* [What you are asked to do] Give back every entry below, exactly as written.

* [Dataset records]
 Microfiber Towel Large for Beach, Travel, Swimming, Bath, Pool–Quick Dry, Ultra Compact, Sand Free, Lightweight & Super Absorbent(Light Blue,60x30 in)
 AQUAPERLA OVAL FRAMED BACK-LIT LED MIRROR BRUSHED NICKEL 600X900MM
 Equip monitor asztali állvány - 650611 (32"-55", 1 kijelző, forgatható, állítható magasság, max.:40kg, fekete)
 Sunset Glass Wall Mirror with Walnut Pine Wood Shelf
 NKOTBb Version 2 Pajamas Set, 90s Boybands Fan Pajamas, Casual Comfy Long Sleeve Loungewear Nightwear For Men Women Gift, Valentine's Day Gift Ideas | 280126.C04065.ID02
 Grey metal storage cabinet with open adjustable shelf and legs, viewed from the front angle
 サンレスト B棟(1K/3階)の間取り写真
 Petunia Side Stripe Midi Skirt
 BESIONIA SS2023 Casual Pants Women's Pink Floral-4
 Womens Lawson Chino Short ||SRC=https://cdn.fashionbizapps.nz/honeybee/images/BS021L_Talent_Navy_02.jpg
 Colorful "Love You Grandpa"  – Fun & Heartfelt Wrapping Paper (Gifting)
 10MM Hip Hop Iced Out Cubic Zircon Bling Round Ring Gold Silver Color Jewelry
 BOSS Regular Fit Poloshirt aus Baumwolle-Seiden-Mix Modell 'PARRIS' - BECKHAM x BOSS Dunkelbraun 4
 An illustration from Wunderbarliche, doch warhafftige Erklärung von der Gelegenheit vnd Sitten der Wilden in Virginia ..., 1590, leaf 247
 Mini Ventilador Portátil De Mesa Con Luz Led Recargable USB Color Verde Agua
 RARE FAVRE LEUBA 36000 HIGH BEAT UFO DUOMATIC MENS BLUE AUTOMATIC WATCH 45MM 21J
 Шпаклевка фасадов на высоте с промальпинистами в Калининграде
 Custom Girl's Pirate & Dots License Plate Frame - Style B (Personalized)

* [Solution to this task]
 Microfiber Towel Large for Beach, Travel, Swimming, Bath, Pool–Quick Dry, Ultra Compact, Sand Free, Lightweight & Super Absorbent(Light Blue,60x30 in)
 AQUAPERLA OVAL FRAMED BACK-LIT LED MIRROR BRUSHED NICKEL 600X900MM
 Equip monitor asztali állvány - 650611 (32"-55", 1 kijelző, forgatható, állítható magasság, max.:40kg, fekete)
 Sunset Glass Wall Mirror with Walnut Pine Wood Shelf
 NKOTBb Version 2 Pajamas Set, 90s Boybands Fan Pajamas, Casual Comfy Long Sleeve Loungewear Nightwear For Men Women Gift, Valentine's Day Gift Ideas | 280126.C04065.ID02
 Grey metal storage cabinet with open adjustable shelf and legs, viewed from the front angle
 サンレスト B棟(1K/3階)の間取り写真
 Petunia Side Stripe Midi Skirt
 BESIONIA SS2023 Casual Pants Women's Pink Floral-4
 Womens Lawson Chino Short ||SRC=https://cdn.fashionbizapps.nz/honeybee/images/BS021L_Talent_Navy_02.jpg
 Colorful "Love You Grandpa"  – Fun & Heartfelt Wrapping Paper (Gifting)
 10MM Hip Hop Iced Out Cubic Zircon Bling Round Ring Gold Silver Color Jewelry
 BOSS Regular Fit Poloshirt aus Baumwolle-Seiden-Mix Modell 'PARRIS' - BECKHAM x BOSS Dunkelbraun 4
 An illustration from Wunderbarliche, doch warhafftige Erklärung von der Gelegenheit vnd Sitten der Wilden in Virginia ..., 1590, leaf 247
 Mini Ventilador Portátil De Mesa Con Luz Led Recargable USB Color Verde Agua
 RARE FAVRE LEUBA 36000 HIGH BEAT UFO DUOMATIC MENS BLUE AUTOMATIC WATCH 45MM 21J
 Шпаклевка фасадов на высоте с промальпинистами в Калининграде
 Custom Girl's Pirate & Dots License Plate Frame - Style B (Personalized)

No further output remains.